START Data excerpts

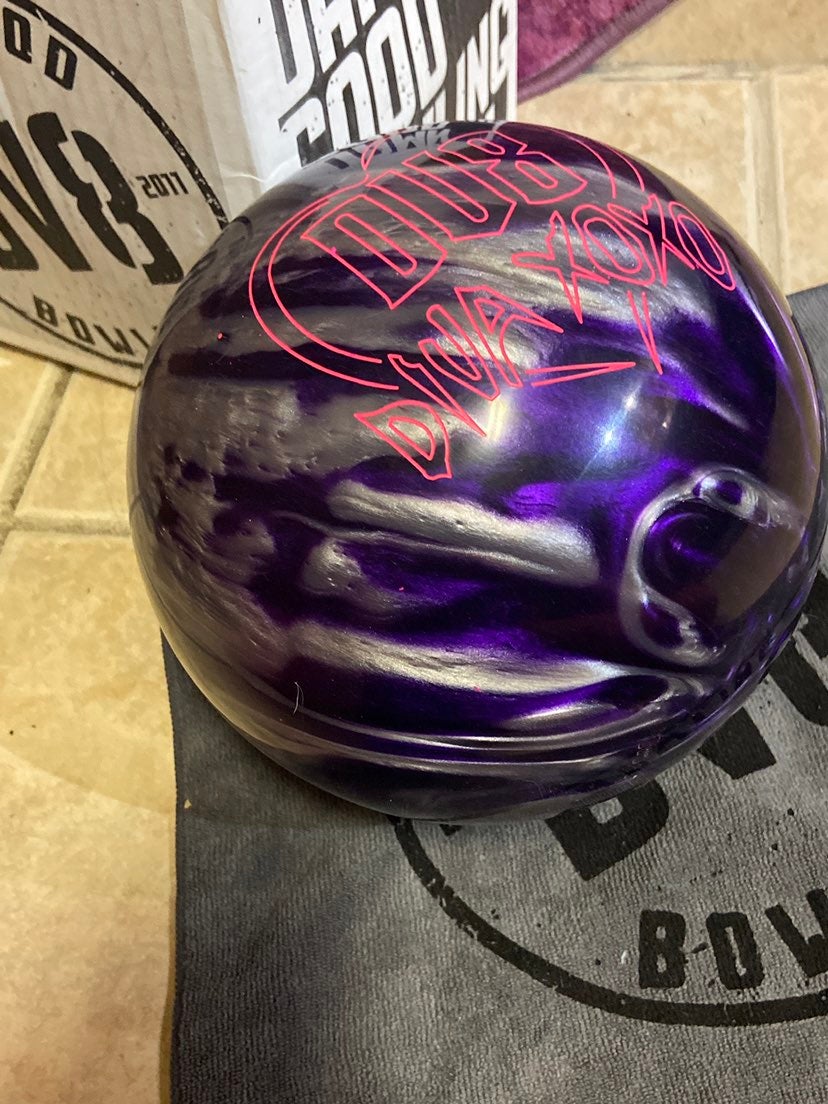 DV8 Diva Bowling Ball Brand New 16Lb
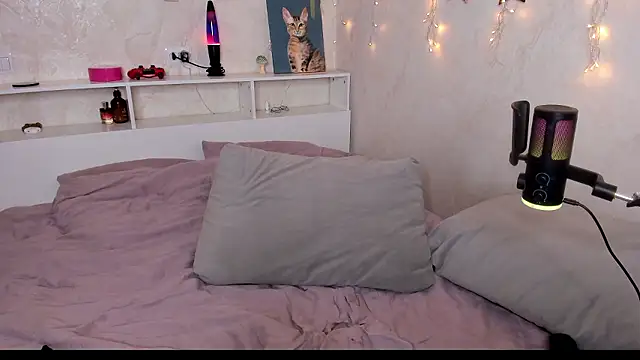 whoalexxa Adlı Modelin Canlı XXX Sohbeti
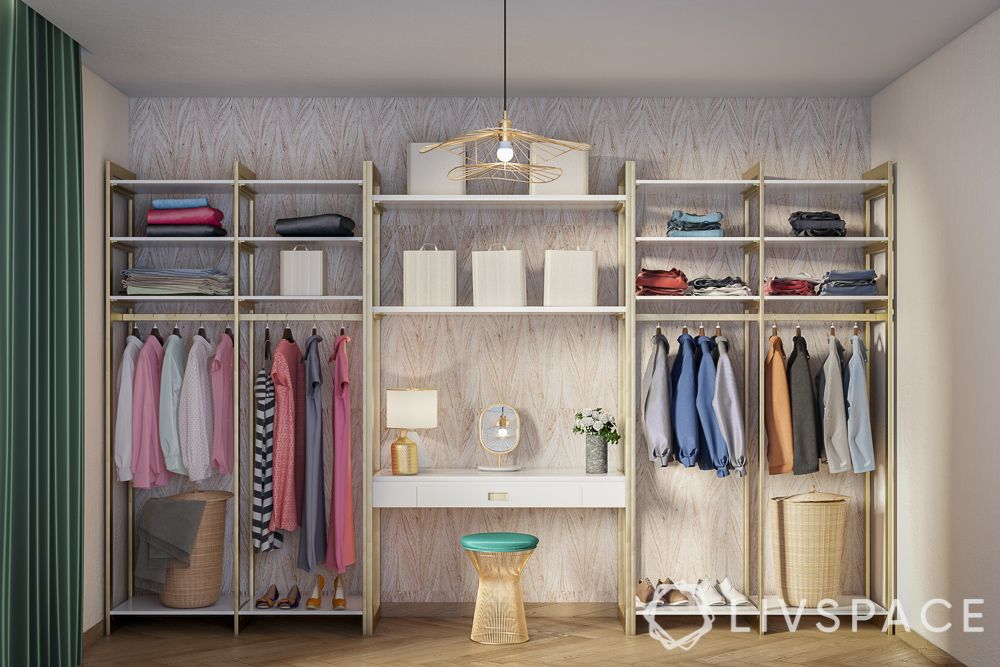 10 Easy Tips to Organize a Women's Wardrobe/Closet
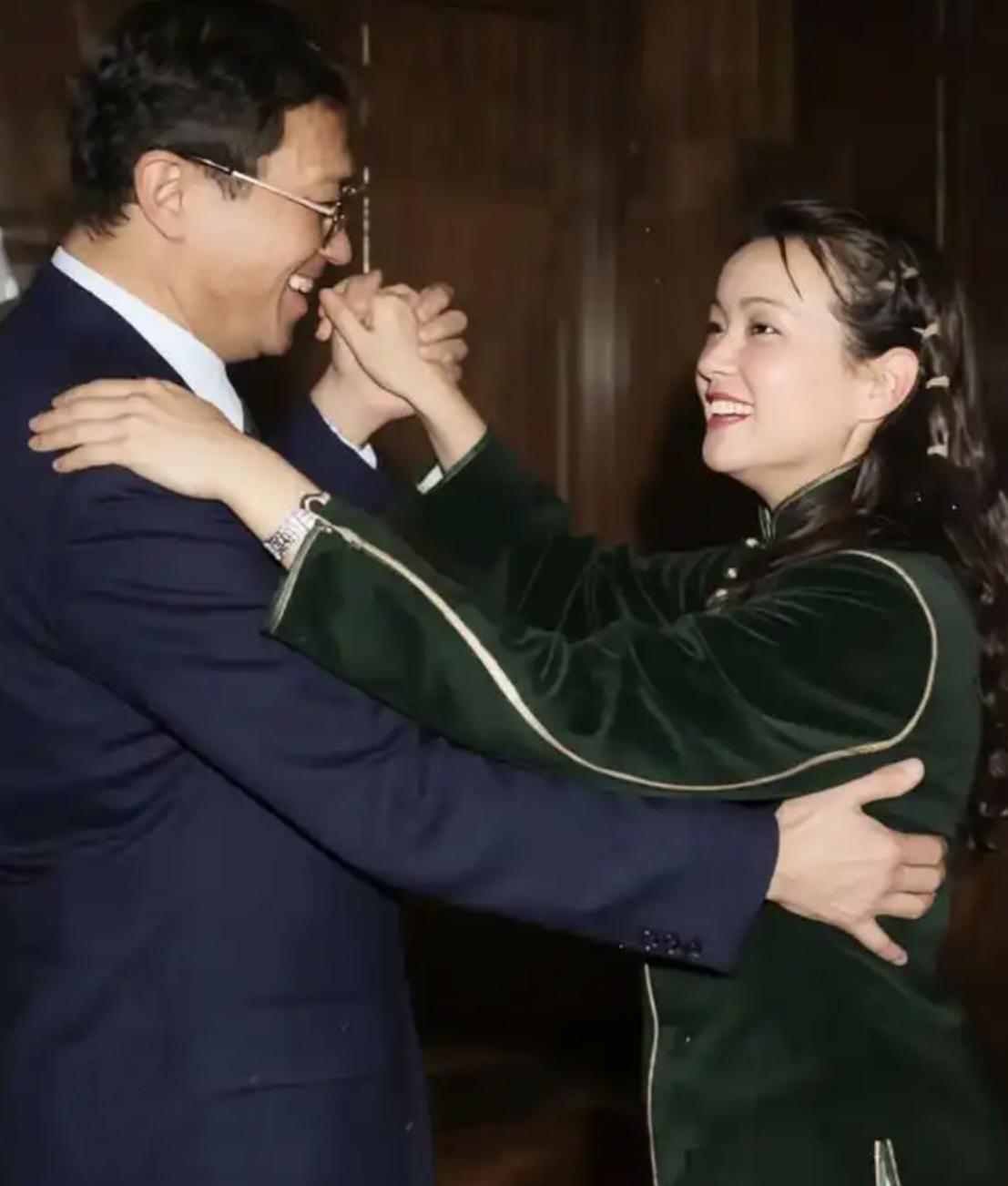 谢晋导演生前十分偏爱刘晓庆，刘晓庆也非常懂得感恩。自从谢晋导演去世以后，刘晓庆一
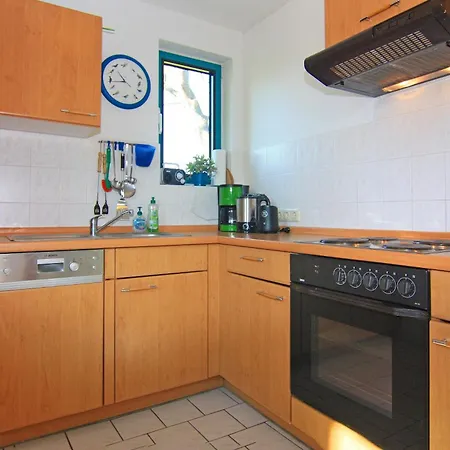 Blauer Am Mit Boot بيت للعطل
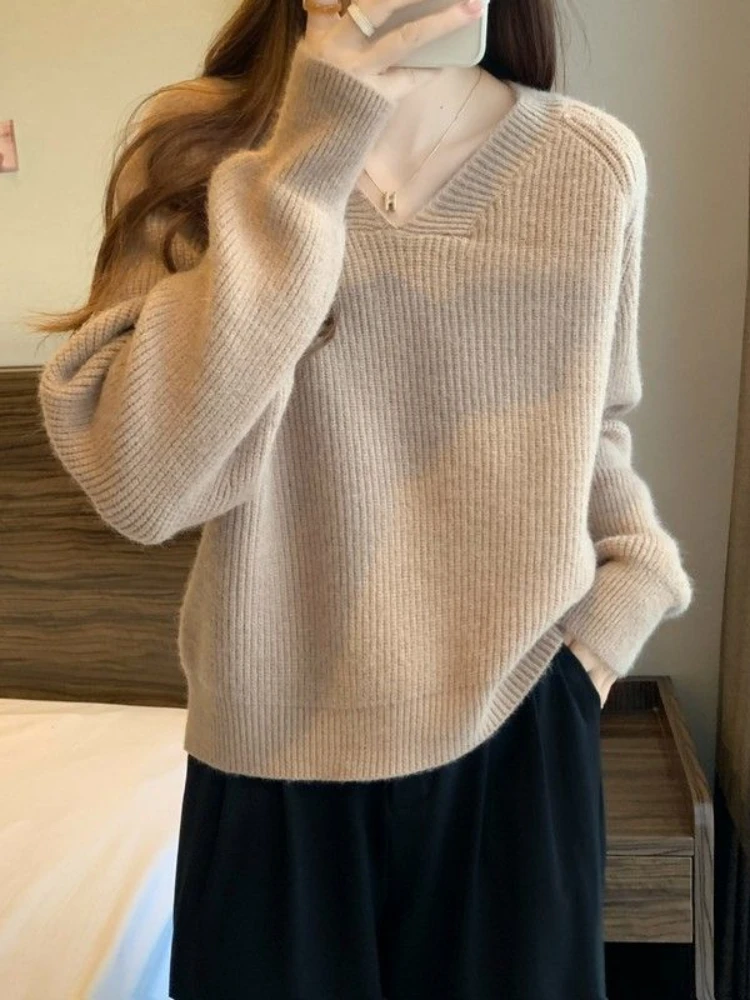 

V-neck Soft Cosy Women's Sweater Autumn/Winter Knitted Long Sleeve Pullovers Loose Fashion Warm White Sweaters for Women 2023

END Data excerpts

* [Exercise] Exactly the lines above from the one that contains "whoalexxa Adlı Modelin Canlı XXX Sohbeti" down to the one that contains "Blauer Am Mit Boot بيت للعطل" are to be output, both ends kept and pictures omitted.

* [Your solution]
 whoalexxa Adlı Modelin Canlı XXX Sohbeti
 10 Easy Tips to Organize a Women's Wardrobe/Closet
 谢晋导演生前十分偏爱刘晓庆，刘晓庆也非常懂得感恩。自从谢晋导演去世以后，刘晓庆一
 Blauer Am Mit Boot بيت للعطل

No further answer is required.